逆に、相手に不整合を押し付けることで他人をおとしめて相対的に自分を優位とすることもできるが、この方法ではその特定の相手にしか勝利し得ない。


 ゲームのルール3
自分を知る者に、自己を己が感じている通りの者であると承認させるには、様々な方法がある。列挙すると、

1.スポーツ、芸能など、直接自分の身体を利用してディスプレイを行うパフォーマンス系統の自己表現行為
2.文学、マンガ、アニメなどメディア作品を通して自己の信じるミームを拡散させる行為
3.絵画、彫刻など、複製不可能な作品を展示する芸術的な行為
4.自分の社会的位置付けである職業や立場などを利用して自分のあり方を示す行為
5.未成年などなら、学生などの身分を以て同様に自分のあり方を示す行為
6.電子的なサイバースペースで自己の意見、立場、画像などを掲示する行為
7.服装や所持品などで自分の趣味や嗜好を示す行為
8.音楽の演奏により、抽象的に思想、感情を表現する行為


ゲームのルール4
どのような自己表現行為であっても、その内容に自分自身の身体以外の人物像が内容として表現される場合がある。
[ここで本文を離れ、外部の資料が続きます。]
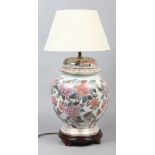 A large baluster shape vase with floral decoration formed as a table lamp, height 60cm with shade.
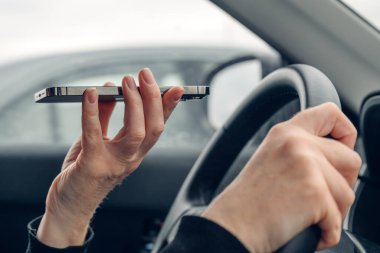 Araba kullanan ve cep telefonuyla konuşan bir kadın, onu ağzının önünde tutarken, iletişim teknolojisi ve ulaşım, seçici odaklanma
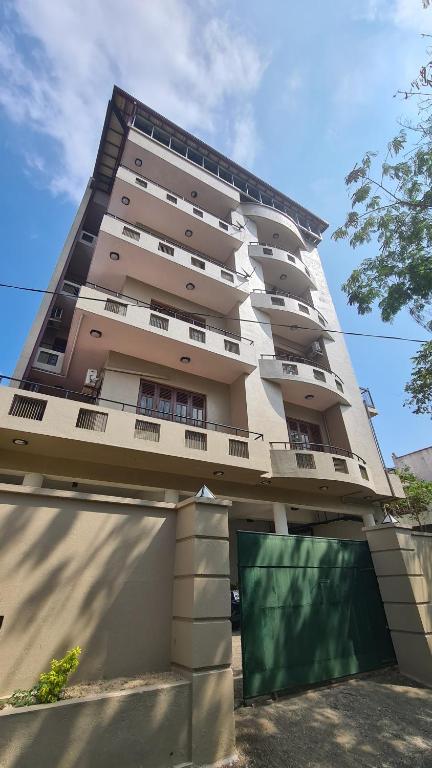 a tall building with a garage in front of it at Oceanway Residences in Wattala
この場合は、その作者は、複数存在するかもしれない、その作中人物を自己の似姿であると主張してその作中人物の表現行為を以て自己の表現行為であると主張し得る。
また、他人の作品や作中人物を自己の似姿として用いる場合は、その作品を(その作品が複製可能か否かに関わらず)いわゆる市場で購入すれば、こうした主張も成立する。
なお、その似姿の性別が本人の性別に一致している必然性は、必ずしも、無い。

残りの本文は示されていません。